TASK INSTRUCTIONS:
Exactly the lines from the one that contains "BMW 1 Series view 16" through the end of the material below are to be output, the first and last included.
┄┄┄┄┄┄
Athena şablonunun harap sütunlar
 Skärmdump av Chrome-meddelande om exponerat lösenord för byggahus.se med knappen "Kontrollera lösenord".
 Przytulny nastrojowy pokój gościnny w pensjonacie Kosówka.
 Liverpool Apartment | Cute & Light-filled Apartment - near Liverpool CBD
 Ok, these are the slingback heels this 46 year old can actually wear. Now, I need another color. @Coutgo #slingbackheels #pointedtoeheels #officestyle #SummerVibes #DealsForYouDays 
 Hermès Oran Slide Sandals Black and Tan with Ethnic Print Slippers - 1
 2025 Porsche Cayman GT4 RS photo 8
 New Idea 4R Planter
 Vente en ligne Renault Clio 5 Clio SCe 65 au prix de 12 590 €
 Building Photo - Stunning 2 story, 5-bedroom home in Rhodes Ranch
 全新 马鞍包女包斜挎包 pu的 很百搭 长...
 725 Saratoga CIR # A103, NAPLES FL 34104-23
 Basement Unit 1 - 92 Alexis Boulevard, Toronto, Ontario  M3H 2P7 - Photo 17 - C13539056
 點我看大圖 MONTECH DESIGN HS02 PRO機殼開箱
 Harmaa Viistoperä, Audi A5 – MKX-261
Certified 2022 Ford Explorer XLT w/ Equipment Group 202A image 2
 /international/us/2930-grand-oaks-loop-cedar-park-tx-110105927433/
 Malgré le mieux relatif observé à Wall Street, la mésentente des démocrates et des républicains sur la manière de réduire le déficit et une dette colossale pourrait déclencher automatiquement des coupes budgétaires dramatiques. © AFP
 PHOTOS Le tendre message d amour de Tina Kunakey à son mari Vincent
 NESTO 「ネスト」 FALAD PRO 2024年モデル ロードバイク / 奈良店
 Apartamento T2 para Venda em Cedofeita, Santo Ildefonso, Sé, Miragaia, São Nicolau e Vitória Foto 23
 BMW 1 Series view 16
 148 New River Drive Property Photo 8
┄┄┄┄┄┄
EXERCISE RESULT:
 BMW 1 Series view 16
 148 New River Drive Property Photo 8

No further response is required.